Training Library Staff and Volunteers to Provide Extraordinary Customer Service

Richard Turner (Liverpool John Moores University, Liverpool, UK)

New Library World

ISSN: 0307-4803

Article publication date: 22 May 2007

320

Keywords

Citation

Turner, R. (2007), "Training Library Staff and Volunteers to Provide Extraordinary Customer Service", New Library World, Vol. 108 No. 5/6, pp. 298-300. https://doi.org/10.1108/03074800710748885

Publisher

:

Emerald Group Publishing Limited

Copyright © 2007, Emerald Group Publishing Limited


This recent, and well presented, Facet publication has been written by two American information specialists. Julie Todaro is Dean of Libraries at Austin Community College and Mark L. Smith manages the Riverside County Library System in Southern California. Their approach to customer services is perhaps more dynamic than many UK libraries are used to, but it does provide a well structured work that is rich in ideas for the training of library staff in customer relations.

Of course there are already hundreds of books about providing good customer services.
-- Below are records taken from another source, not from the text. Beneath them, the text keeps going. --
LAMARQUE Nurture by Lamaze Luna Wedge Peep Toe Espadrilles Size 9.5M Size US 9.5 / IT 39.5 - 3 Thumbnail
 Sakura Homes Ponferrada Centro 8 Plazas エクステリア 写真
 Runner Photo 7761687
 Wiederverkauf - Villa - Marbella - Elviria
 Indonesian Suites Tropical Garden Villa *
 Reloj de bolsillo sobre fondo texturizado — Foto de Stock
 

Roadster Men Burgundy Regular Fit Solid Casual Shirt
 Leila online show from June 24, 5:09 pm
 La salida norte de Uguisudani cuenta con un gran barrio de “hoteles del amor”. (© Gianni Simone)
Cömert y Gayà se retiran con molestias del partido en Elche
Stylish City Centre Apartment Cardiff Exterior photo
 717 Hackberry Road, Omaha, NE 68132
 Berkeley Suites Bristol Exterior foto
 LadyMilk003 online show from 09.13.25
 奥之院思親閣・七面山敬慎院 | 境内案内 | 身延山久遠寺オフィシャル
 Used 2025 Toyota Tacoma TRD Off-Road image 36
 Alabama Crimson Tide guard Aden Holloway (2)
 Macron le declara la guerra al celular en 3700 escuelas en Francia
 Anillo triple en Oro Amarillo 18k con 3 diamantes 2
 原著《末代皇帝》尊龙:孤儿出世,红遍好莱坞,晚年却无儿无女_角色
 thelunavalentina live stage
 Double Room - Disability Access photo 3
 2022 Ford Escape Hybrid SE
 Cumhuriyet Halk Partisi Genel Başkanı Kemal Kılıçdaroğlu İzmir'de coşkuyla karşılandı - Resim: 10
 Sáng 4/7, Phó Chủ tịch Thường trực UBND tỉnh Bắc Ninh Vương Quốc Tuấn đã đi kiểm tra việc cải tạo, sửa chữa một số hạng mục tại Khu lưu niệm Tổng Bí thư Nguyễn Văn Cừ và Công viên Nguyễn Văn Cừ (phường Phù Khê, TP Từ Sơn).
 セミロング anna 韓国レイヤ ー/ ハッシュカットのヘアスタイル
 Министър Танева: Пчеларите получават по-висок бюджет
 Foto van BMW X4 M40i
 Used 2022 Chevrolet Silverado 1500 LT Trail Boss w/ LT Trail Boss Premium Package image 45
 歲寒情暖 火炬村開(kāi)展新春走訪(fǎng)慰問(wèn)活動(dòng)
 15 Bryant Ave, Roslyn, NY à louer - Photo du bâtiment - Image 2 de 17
These existing works do contain useful information for the library and information sector, but they are often written for the commercial, profit‐based workplace, and a specific book for library and information staff is very welcome.

Todaro and Smith's philosophy is that “it is crucially important that customer service training be a perpetual process, a fundamental part of the life of the institution”. In the UK, customer service has usually been part of a broader training programme either provided as a rolling programme or as specific sessions.

The stated, and ambitious, aims of this book include:

  • enabling learning to be built into an organisation's goals and strategies;

  • providing a structure for organisation and employee needs;

  • providing managers and trainers with content for formal and on the job training;

  • creating a framework for customer feedback;

  • describing techniques for training in customer relations;

  • matching diverse staffing levels' training needs;

  • developing an in‐house training curriculum;

  • integrating training into work routines and responsibilities; and

  • building and system for assessment and outcomes.

Throughout the work the authors stress the importance of practice in dealing with customer relations. This is particularly important in the opening chapter about determining customer service essentials. The importance of customer service training to be considered within a broader training strategy is emphasised by a whole chapter dedicated to examining general training guidelines.

After the organisational training structure is in place, then preparing specific training for library staff and volunteers is addressed. The authors have considered public, academic, school and special libraries in the book. Within these sectors, guidance on tailored training is provided, including such additional factors as learning styles, communication, costs of training and record keeping.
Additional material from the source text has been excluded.